The CR17 team has sought to explain how the funds were raised, how they were used and accounted for, and the intricacies of Ramaphosa’s involvement. This, they assert, included an explicit understanding that no favours would derive from making the contributions. Further, in line with the finding of the parliamentary ethics committee in the case of the leader of the DA during his own campaign, they argue that there was no personal benefit and therefore no obligation to declare.

There is now a temptation on the part of some within the ANC to come up with donor lists relating to the other Nasrec presidential candidates, with social media in overdrive. Besides the danger of self-mutilation at the instance of external forces, splashing mud does not address the fundamental issue of how to manage internal political contestations — let alone the fundamental national challenges of higher rates of investment, job creation and poverty reduction.

At its recent meeting the ANC national executive committee (NEC) agreed to review internal electoral contestations, including “rules and regulations for lobbying and funding of individual campaigns for leadership”. While recent experiences have much to do with this decision, the organisation does acknowledge that this tendency started to grip national conference campaigns in the build-up to the 2007 Polokwane conference. Since then it has become standard fare, and the organisation has lost its innocence on this matter.

The practice had been brewing in sub-national and some league structures even before then. At the extreme end of the scale are the observations the ANC has made about actual vote-buying at conferences. In some instances, public resources are deployed in such activities. For instance, there was recently an allegation — which in 2018 drew the attention of the Hawks — of branch delegates in Maluti-a-Phofung being employed as general workers to support a particular slate at the Nasrec conference.

It is against the background of practices that evolved over more than a decade that those members who were seeking to restore the integrity of the ANC in the build-up to Nasrec had to agonise: would it be possible to assume leadership of the organisation and turn it around without open campaigning and resources? Was it going to be possible to detoxify the organisation in the medium to long term without using, at the immediate and tactical level, some dose of toxicity?

This is water under the bridge. As the NEC statement suggests, the question now is how to deal with the challenge of money politics going forward.

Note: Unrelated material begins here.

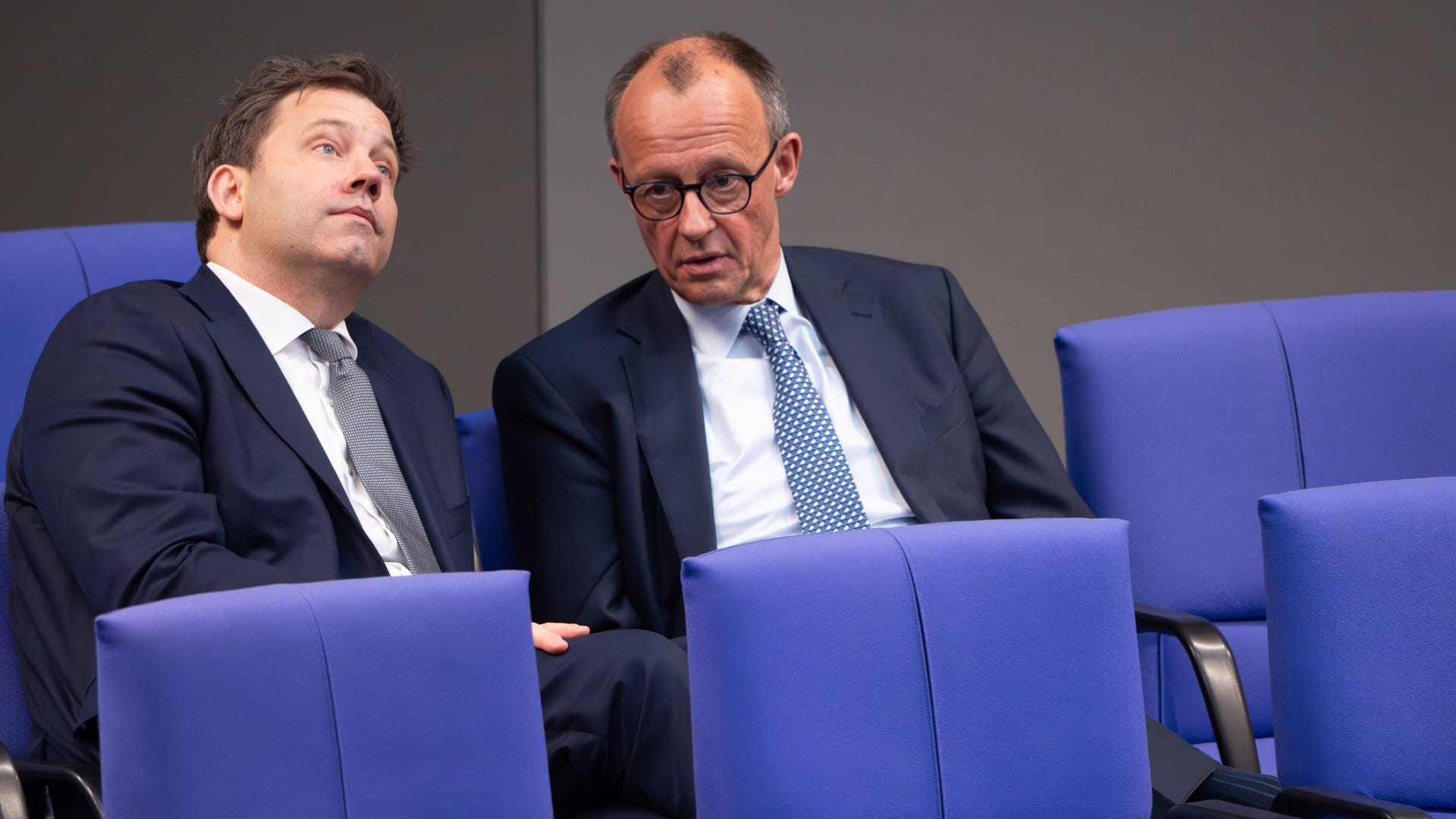 Lars Klingbeil (links, SPD) zusammen mit Friedrich Merz (rechts, CDU) (Archivbild): Rund 11 Cent soll der Industriestrompreis günstiger werden.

The starting point in this regard is whether the Political Party Funding Act provides for internal party contestations. Were the legislators aiming to address this matter when they included provisions that no “person or entity may deliver a donation to a member of a political party other than for party political purposes” and, inversely, that a “member of a political party may only receive a donation … on behalf of the party”?

Even if this may not have been the case, these assertions can form a basis around which regulations on support for any candidate in any political contestation can be formulated. Or the law itself may need to be amended to take into account internal party contestations.

The public protector has been found by the courts to have got many fundamental things wrong; the strongest censure was recently delivered by the Constitutional Court in the form of personal punitive costs. There may yet be serious consequences for her. But on the issue of funding in internal party contestations, perhaps we need to cut her some slack. She seems to have blundered her way into becoming an unconscious tool of history.

• Netshitenzhe is executive director of the Mapungubwe Institute and a member of the ANC NEC. He writes in his personal capacity.